BEGIN Information shown

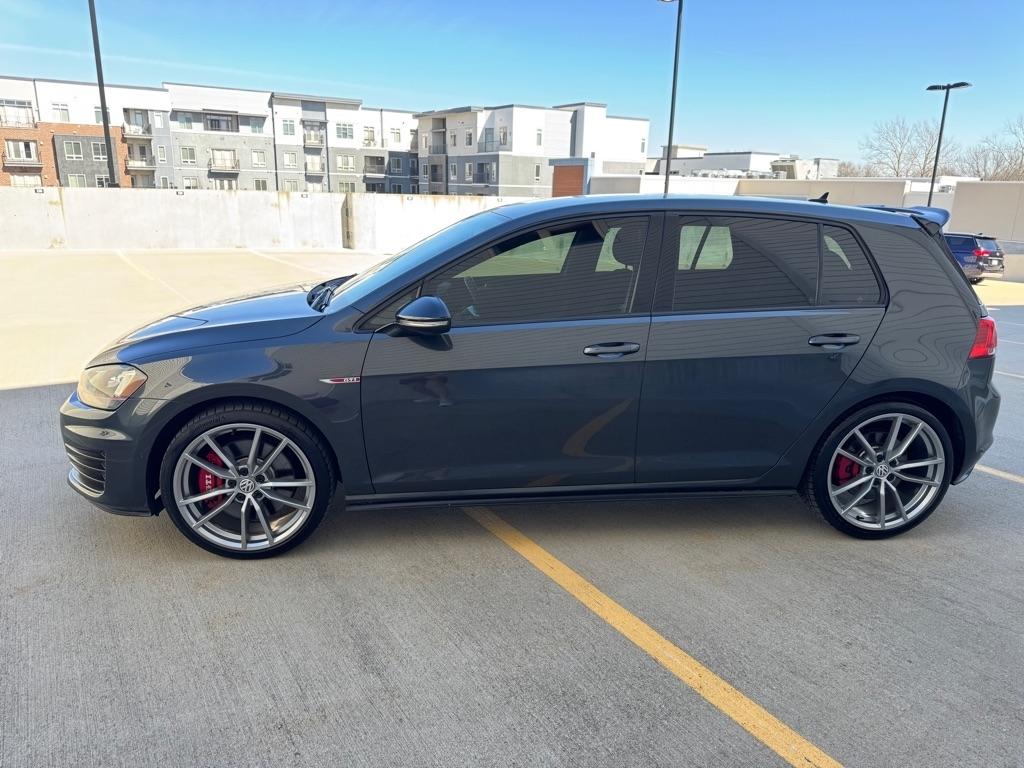 Volkswagen Golf GTI SE 6A 4-Door 2017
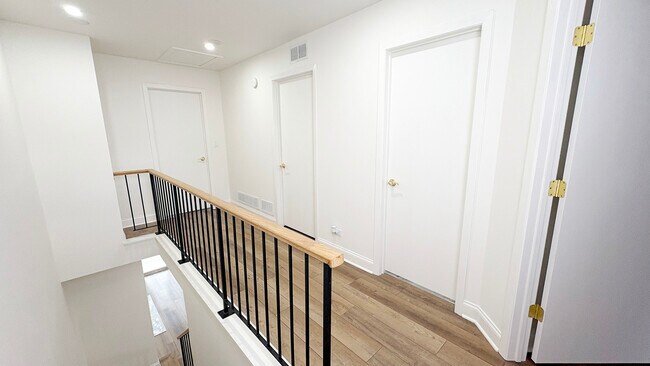 Building Photo - 391 Maidstone Ct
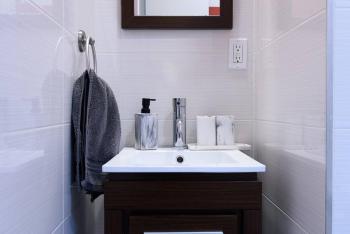 24-17 Renovated Studio Prime Location WD, New York (photo 5)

END Information shown

Please set down the whole listing exactly, apart from the pictures.

 Volkswagen Golf GTI SE 6A 4-Door 2017
 Building Photo - 391 Maidstone Ct
 24-17 Renovated Studio Prime Location WD, New York (photo 5)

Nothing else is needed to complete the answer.